Line Terminators and Whitespace¶
Whitespace ::= #x20 | #x09 | #x0D | #x0A | #x0C
EOL ::= #x0A | #x0C
The following characters count as whitespace:
Code |
Name |
---|---|
0x20 |
Space |
0x09 |
Tab |
0x0D |
Carriage Return |
0x0A |
Line Feed |
0x0C |
Form Feed |
Whitespace has no semantic meaning, with the exception of the Line Feed and Carriage Return characters which terminate a line comment.
Identifiers¶
Identifiers start with a letter or underscore followed by a sequence of letters, numbers and underscores. A language keyword cannot be used as an identifier.

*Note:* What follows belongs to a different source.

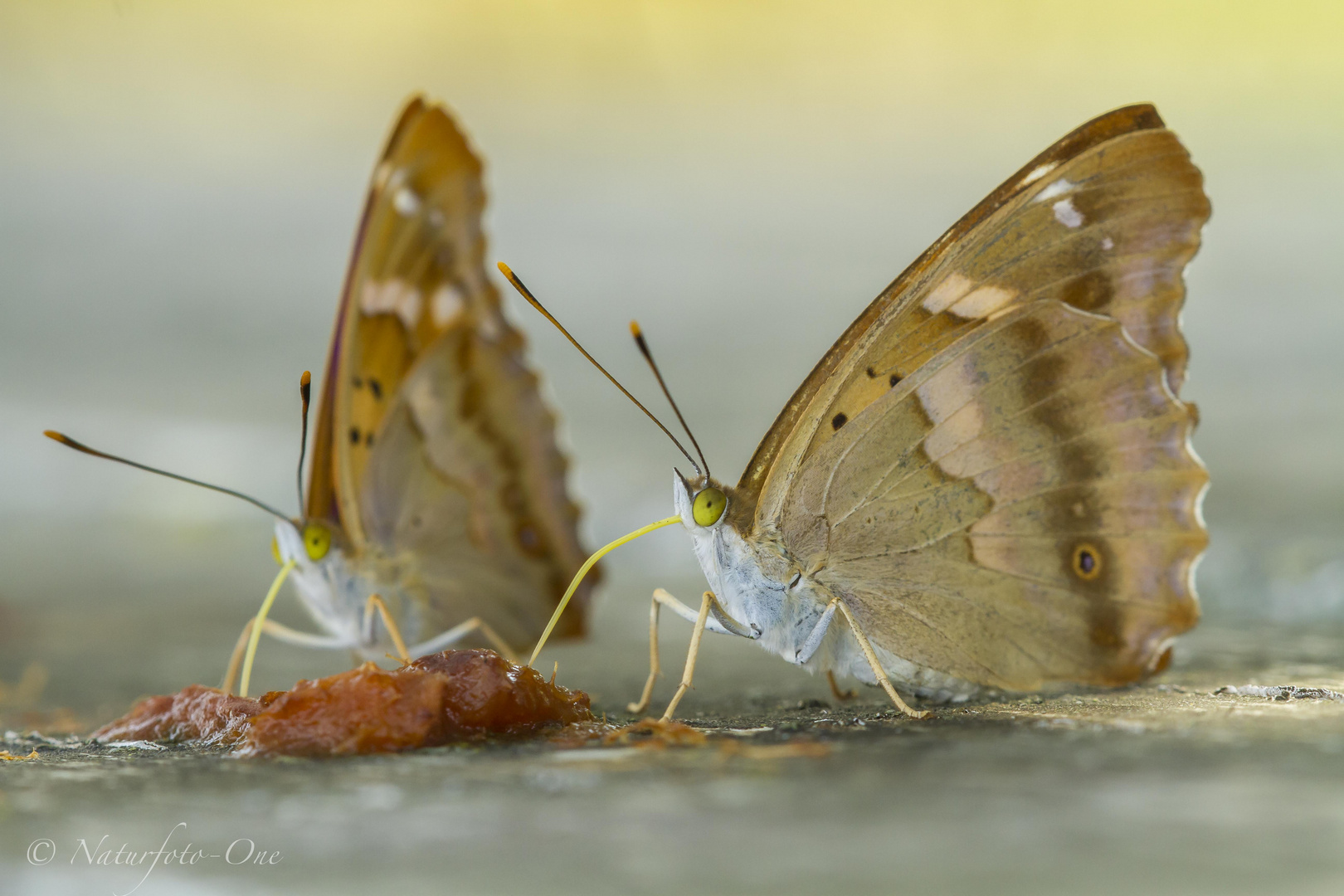 Schillerfalter, Apatura ilia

Identifier ::= [a-zA-Z_] [a-zA-Z0-9_]*
Keywords¶
Any word occurring in the grammar (e.g., class) is a keyword. Keywords cannot be used as identifiers.
TODO: list all language keywords here?
Literals¶
A literal is a textual representation of a value. SMOL supports integer, Boolean, string and float literals.
Literal ::= IntLiteral | FloatLiteral | StringLiteral | BoolLiteral
IntLiteral ::= '0' | '-'? [1-9] [0-9]*
FloatLiteral ::= IntLiteral? '.' [0-9]* ([eE]IntLiteral)?
StringLiteral ::= '"' ('\"' | .)* '"'
String literals are delimited with quotation mark ("
) characters;
quotation marks in the middle of a string are escaped with a backslash (\
)
character. Strings can contain linebreaks.
Comments¶
Comments are syntax elements that are ignored during parsing.
A block comment starts with
/*
and extends until the first occurrence of*/
. A line comment starts with//
and extends until the end of the line.